ABOUT THIS TASK: Return all entries word for word, but drop any images.

══════════════════════════════

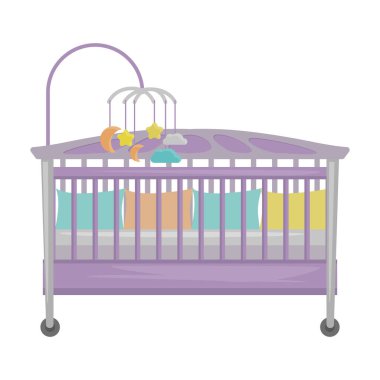 Beşik vektör simgesi. Karikatür vektör simgesi beyaz arkaplan beşiğinde izole edildi.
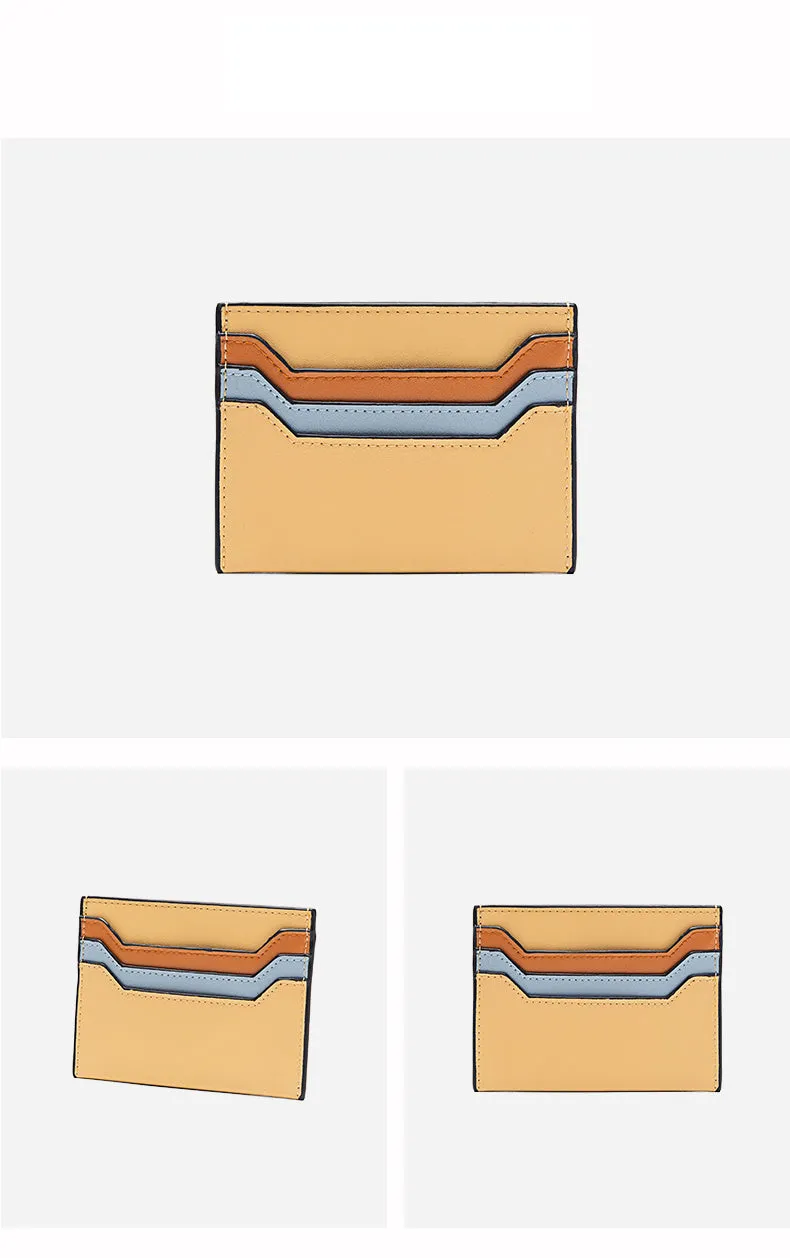 Cute Women Light Pink Leather Card Holder Contrast Color Card Wallet Card Holder Credit Card Holder For Women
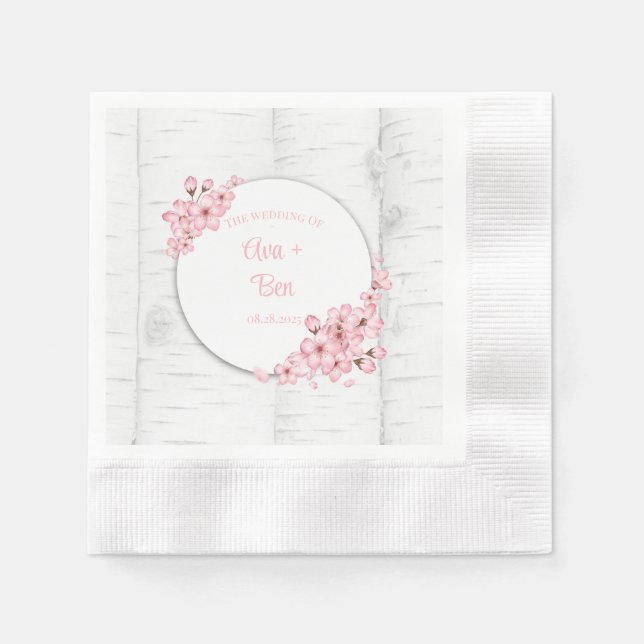 Serviette En Papier Mariage d'écorce cerise en fleurs (Devant)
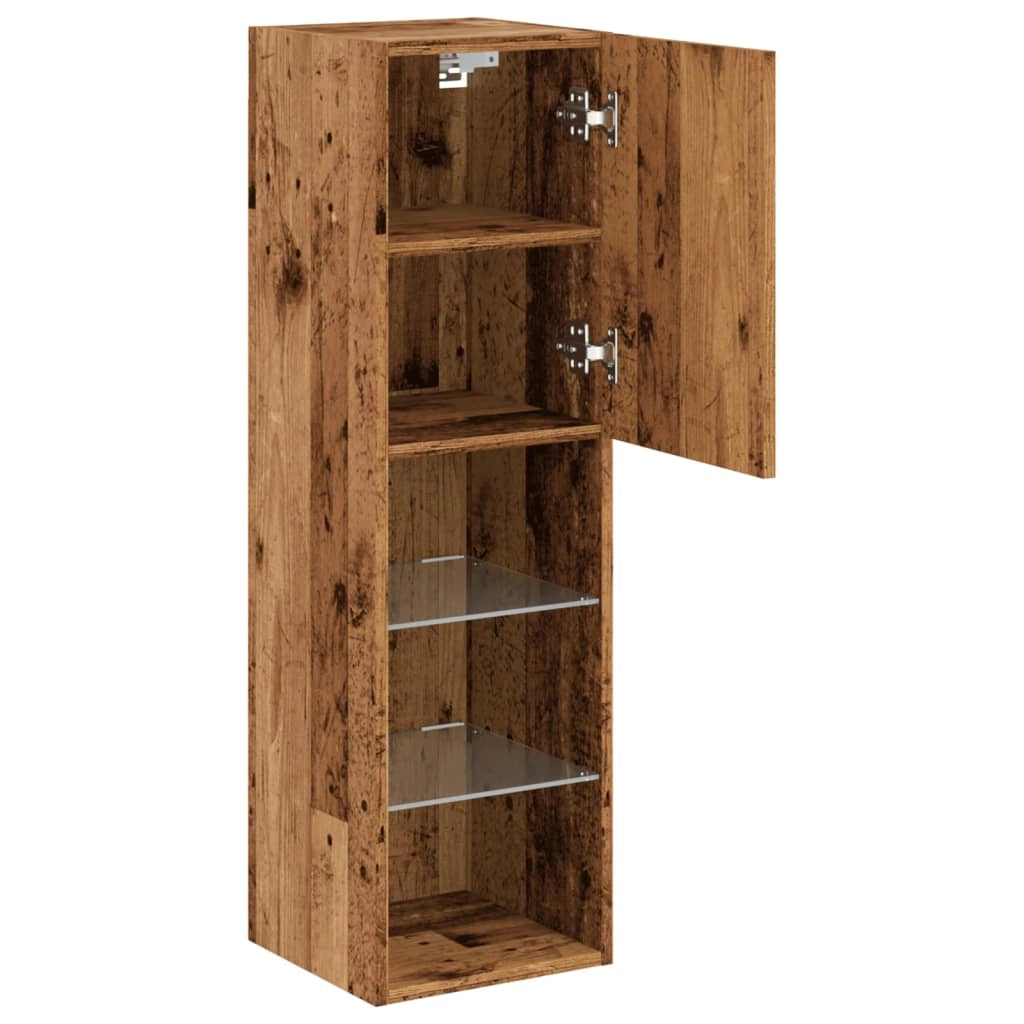 Mobile TV multimediale scaffale TV credenza mobile TV per sala da pranzo soggiorno camera da letto con luci a LED legno invecchiato 30,5 x 30 x 102 cm marrone 02_0026835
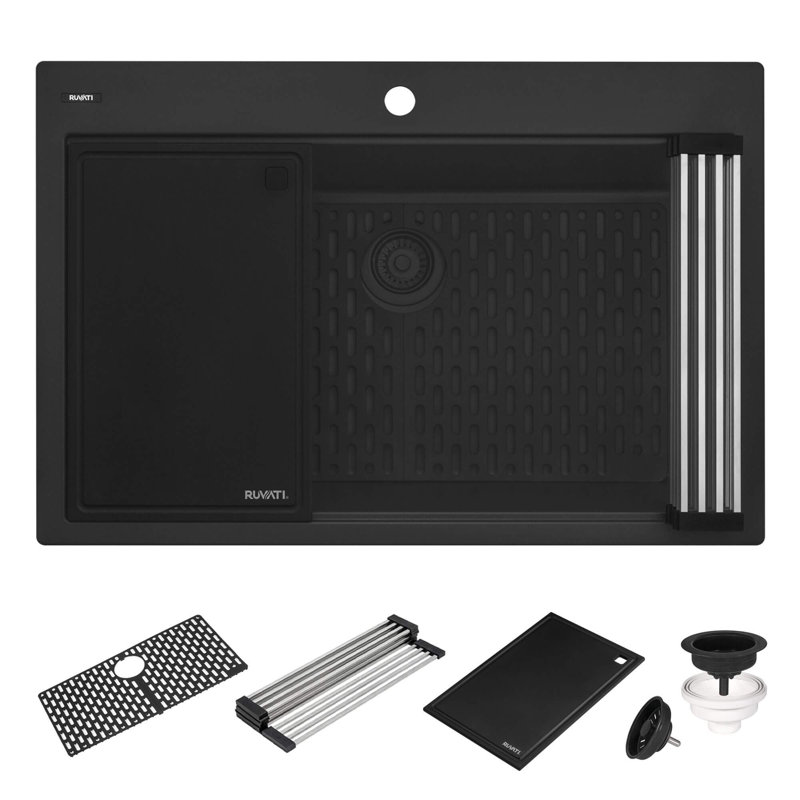 33'' L Drop-In Double Bowl Granite Kitchen Sink, Matte Black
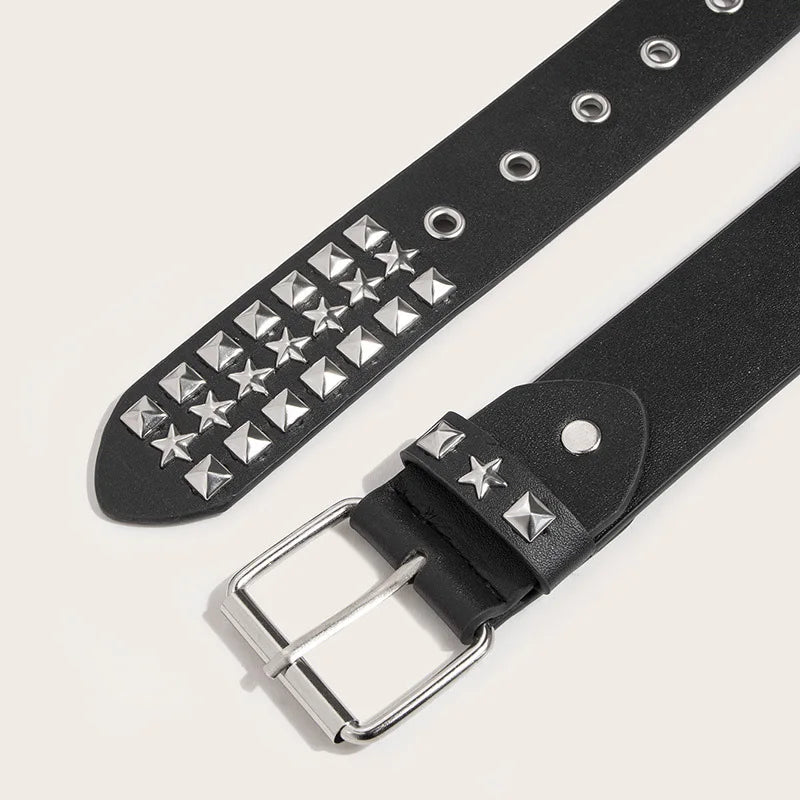 Gothic Punk Faux Leather Belt - Adjustable Unisex Wide Belt - Premium belt from Lizard Vigilante - Just $26.99! Shop now at Lizard Vigilante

══════════════════════════════

OUTPUT OF THE EXERCISE:
 Beşik vektör simgesi. Karikatür vektör simgesi beyaz arkaplan beşiğinde izole edildi.
 Cute Women Light Pink Leather Card Holder Contrast Color Card Wallet Card Holder Credit Card Holder For Women
 Serviette En Papier Mariage d'écorce cerise en fleurs (Devant)
 Mobile TV multimediale scaffale TV credenza mobile TV per sala da pranzo soggiorno camera da letto con luci a LED legno invecchiato 30,5 x 30 x 102 cm marrone 02_0026835
 33'' L Drop-In Double Bowl Granite Kitchen Sink, Matte Black
 Gothic Punk Faux Leather Belt - Adjustable Unisex Wide Belt - Premium belt from Lizard Vigilante - Just $26.99! Shop now at Lizard Vigilante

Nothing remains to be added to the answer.